From the ‘networking news‘ files:
Check Point (Nasdaq: CHKP)has completed its acquisition of Nokia’s security appliance business, nearly four months after the deal was first announced in December of 2008.
Nokia and Check Point had been partners in the security appliance business for the past 12 years. With the deal complete it means that Check Point now has a bigger appliance story to tell and can sell Nokia appliances running Check Point’s firewall and security software.
Check Point has also indicated that it plans to expand the Nokia business and its own with a new line of all inclusive IP security appliances.
“Check Point now leads the security appliance market with an unprecedented variety of security solutions,” said Through the acquisition, we’ll be able to better meet customers’ needs and preferences with the latest security software on the leading hardware platforms,” Gil Shwed, chairman and chief executive officer at Check Point said in a statement. “Our unique Software Blade architecture allows customers to select the exact security protections they need for a given environment, and our comprehensive line of appliances lets customers deploy their custom gateway on the hardware of their choice.”
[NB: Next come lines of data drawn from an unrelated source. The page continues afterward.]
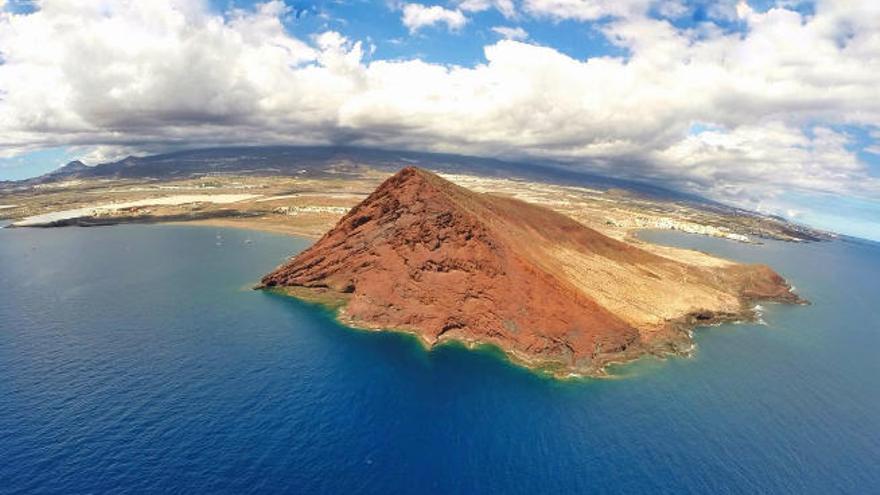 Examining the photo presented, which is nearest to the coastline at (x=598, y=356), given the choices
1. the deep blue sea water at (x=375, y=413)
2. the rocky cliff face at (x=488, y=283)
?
the rocky cliff face at (x=488, y=283)

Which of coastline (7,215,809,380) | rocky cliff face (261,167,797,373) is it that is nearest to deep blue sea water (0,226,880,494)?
coastline (7,215,809,380)

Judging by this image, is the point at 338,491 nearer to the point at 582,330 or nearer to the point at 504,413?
the point at 504,413

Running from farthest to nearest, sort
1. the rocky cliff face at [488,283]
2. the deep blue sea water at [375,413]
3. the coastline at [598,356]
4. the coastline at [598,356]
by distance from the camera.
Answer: the rocky cliff face at [488,283]
the coastline at [598,356]
the coastline at [598,356]
the deep blue sea water at [375,413]

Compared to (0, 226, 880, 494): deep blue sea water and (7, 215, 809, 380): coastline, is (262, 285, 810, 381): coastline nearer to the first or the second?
(7, 215, 809, 380): coastline

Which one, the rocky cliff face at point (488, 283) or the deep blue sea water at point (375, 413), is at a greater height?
the rocky cliff face at point (488, 283)

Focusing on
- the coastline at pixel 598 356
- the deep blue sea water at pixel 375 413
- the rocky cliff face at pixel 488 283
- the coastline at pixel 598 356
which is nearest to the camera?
the deep blue sea water at pixel 375 413

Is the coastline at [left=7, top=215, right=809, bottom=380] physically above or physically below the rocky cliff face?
below

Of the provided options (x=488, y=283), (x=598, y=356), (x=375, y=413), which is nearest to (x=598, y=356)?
(x=598, y=356)

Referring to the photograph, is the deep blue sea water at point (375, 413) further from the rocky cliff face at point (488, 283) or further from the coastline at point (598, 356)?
the rocky cliff face at point (488, 283) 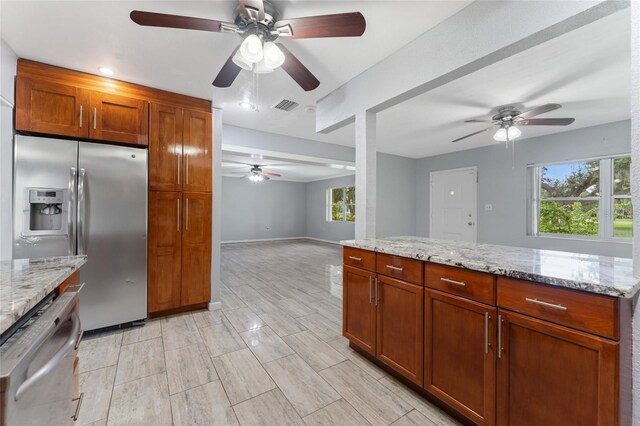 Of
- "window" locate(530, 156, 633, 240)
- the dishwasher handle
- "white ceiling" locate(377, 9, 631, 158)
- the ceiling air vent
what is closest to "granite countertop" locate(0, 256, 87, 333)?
the dishwasher handle

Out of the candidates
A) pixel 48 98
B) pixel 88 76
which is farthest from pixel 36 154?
pixel 88 76

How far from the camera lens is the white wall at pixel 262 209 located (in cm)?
879

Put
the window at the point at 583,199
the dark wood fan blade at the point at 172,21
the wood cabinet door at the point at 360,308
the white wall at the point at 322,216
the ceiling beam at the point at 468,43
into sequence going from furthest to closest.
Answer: the white wall at the point at 322,216 < the window at the point at 583,199 < the wood cabinet door at the point at 360,308 < the dark wood fan blade at the point at 172,21 < the ceiling beam at the point at 468,43

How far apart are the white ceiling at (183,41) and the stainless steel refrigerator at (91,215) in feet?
2.45

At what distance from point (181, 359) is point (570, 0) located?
10.8ft

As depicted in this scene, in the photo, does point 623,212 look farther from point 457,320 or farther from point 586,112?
point 457,320

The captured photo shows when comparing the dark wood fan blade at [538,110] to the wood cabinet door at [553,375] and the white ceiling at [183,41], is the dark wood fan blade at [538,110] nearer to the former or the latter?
the white ceiling at [183,41]

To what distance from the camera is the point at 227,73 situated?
1.92 meters

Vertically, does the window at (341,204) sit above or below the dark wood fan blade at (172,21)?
below

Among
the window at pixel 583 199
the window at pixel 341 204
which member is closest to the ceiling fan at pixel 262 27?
the window at pixel 583 199

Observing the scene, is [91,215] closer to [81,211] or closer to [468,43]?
[81,211]

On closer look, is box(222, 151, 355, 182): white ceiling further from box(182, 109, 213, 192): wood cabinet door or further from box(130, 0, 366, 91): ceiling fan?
box(130, 0, 366, 91): ceiling fan

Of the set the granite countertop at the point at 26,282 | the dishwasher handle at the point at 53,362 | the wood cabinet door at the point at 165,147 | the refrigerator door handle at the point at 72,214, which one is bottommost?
the dishwasher handle at the point at 53,362

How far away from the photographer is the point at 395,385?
5.87 feet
Check Point has claimed that Nokia had some 220,000 security appliance installations that will now become part of Check Point’s customer base.
In my view, this is a good thing for Check Point and may well be the catalyst that helps to propel their share and market stature forward. Check Point has long been though off as mostly a software vendor in the enterprise space with its security application able to run on hardware from various vendors. I don’t see that changing with the Nokia deal, but the mix could change with more deployments on Check Point branded hardware as time progresses.